Avalon is an unincorporated community in southern Ellis County, Texas, United States.

==History==
Avalon is primarily a farming community located at the intersection of FM 55 & TX Hwy 34 in southern Ellis County. Avalon still operates one of the county's few cotton gins. Prior to the Great Depression and current through today, Avalon and its surrounding rural farmland produces much of the cotton output for Ellis County. For a period of time in the 1830s, Ellis County was the top producing cotton county in the world, in large part due to Avalon's output. Many of the cotton field scenes filmed in the movie Places in the Heart were shot just 2 mi north of Avalon.

Avalon has had a US post office since 1937. The town has both an elementary school and high school.
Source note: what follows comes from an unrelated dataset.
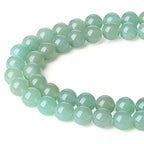 LAIDANLA Green Aventurine 8mm Natural Stone Beads Round Loose Gemstone for DIY Bracelet Necklace Earrings Jewelry Making Polishing Genuine Real Stone Beading 96PCS 2 Strand 32" - color: H-Green Aventurine, size: 8mm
In 2005, Avalon began play in the Texas Six Man Football program with The head coach John De La Garza of the Avalon high school football team has won many games and brought them a long way in this football season. Prior to this time, Avalon had been a basketball rich school, producing some of the finest Class B/1A basketball teams in the 1960s through 1990s. Avalon has also developed a fine baseball team producing several playoff appearances.

In the late 1980s/early 1990s Avalon was at the center of the Superconducting Super Collider project. Government funding for the project was pulled, killing the project.

The Avalon Independent School District serves area students.

On April 25, 2011, an EF0 tornado touched down in Avalon causing minor damage.